Elements appearing with prescribed frequency in a list
Suppose you have a list A
of size n
and a number k
which is at
most n
, and you want to find all elements of A
which appear more
than \(n/k\) times in A
in \(O(n \log k)\) time. You can do this
using algorithm (3) of Finding repeated elements by J. Misra and D.
Gries in Science of Computer Programming Volume 2, Issue 2, November
1982, pp.143-152, which I’m going to describe here.
Imagine that we go through A
forming as many k
-tuples of distinct
objects as possible and throwing them away. When we finish doing this,
at most k-1
distinct elements of A
can remain. If \(x\) is an element
of A
which appears more than \(n/k\) times in A
then it must be one
of these remaining elements, since there are at most \(n/k\) distinct
k
-tuples and each contains at most one x
. So all we need to do is
efficiently throw away distinct k
-tuples, obtaining at most k-1
candidates for elements which appear more than \(n/k\) times, and then
go through A
counting how many times these elements really do appear.

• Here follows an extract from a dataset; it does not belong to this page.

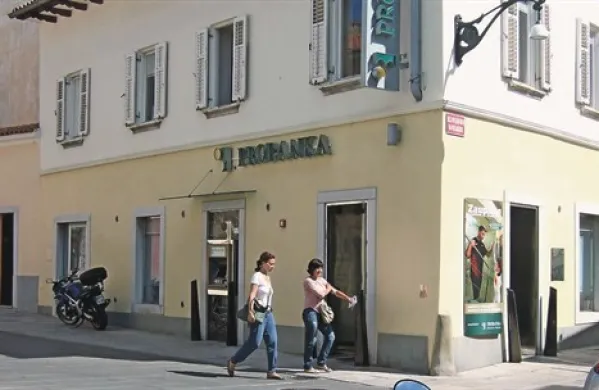 Pred koprsko poslovalnico včeraj ni bilo gneče, vseeno pa se je oglasilo kar nekaj komitentov
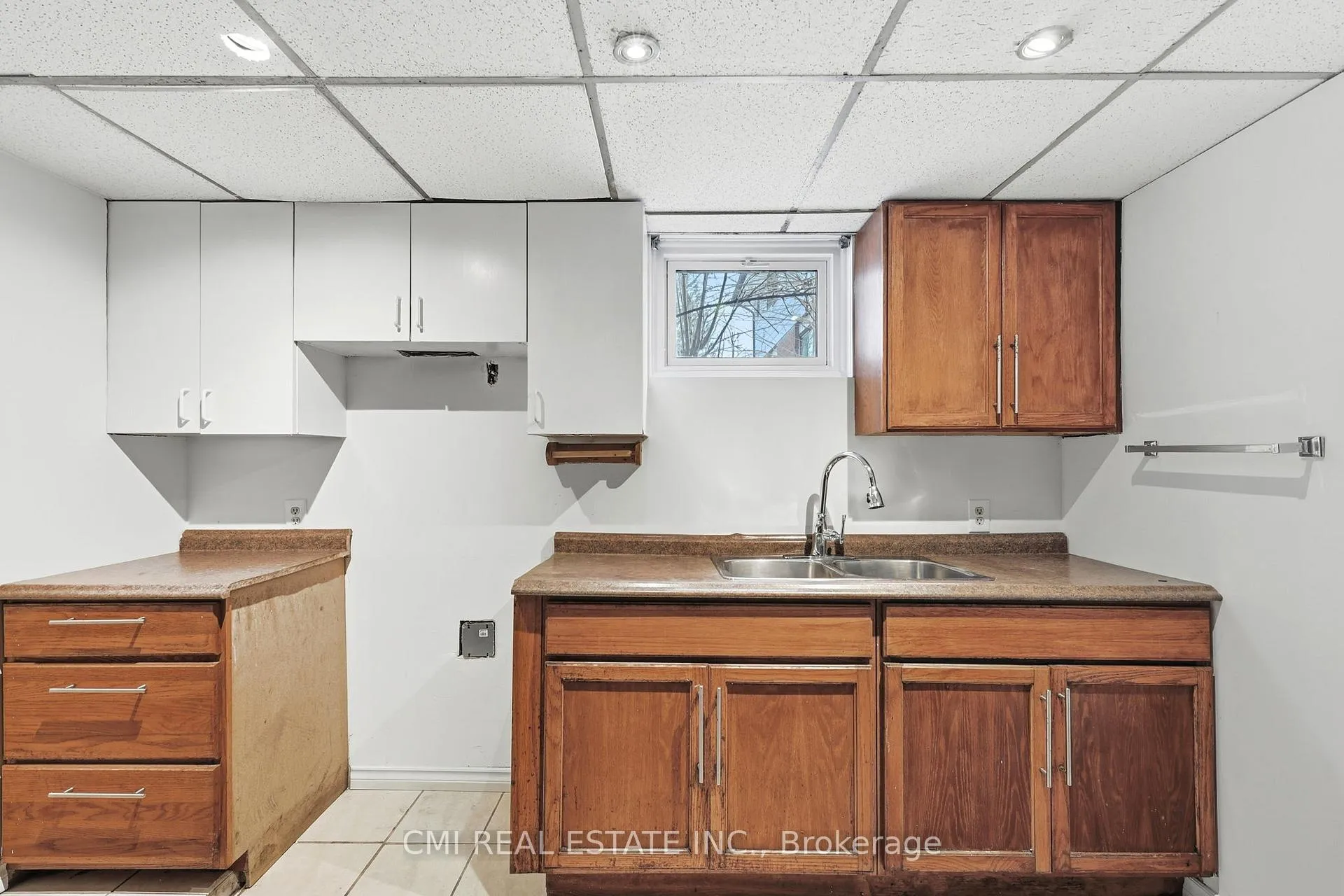 Photo 48 of 913 King Street, Whitby, Downtown Whitby — HOMEH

The algorithm keeps a multiset M
of size at most k
. If we represent
this with a sensible data structure, all basic operations (adding an
element, decreasing the count of an element, checking if something is an
element) will cost
\(O(\log k)\).
The first part of the algorithm goes like this:
for e in A:
if M.contains(e) or M has < k-1 distinct elements:
M.add(e)
else:
decrease the count of every element of M by 1
(When a count is zero, the element is deleted). At the end of this loop
any element appearing more than \(n/k\) times belongs to M
, so we can
form a new multiset containing the elements of M
once each, go through
A
one element at a time, increase the count of that element in M
if
it belongs to M
, and at the end deduce the true count of each element
of M
.
The suite of the else clause costs \(O(k \log k)\) and can happen at most \(n/k\) times, so the total cost of the whole algorithm is \(O(n \log k)\).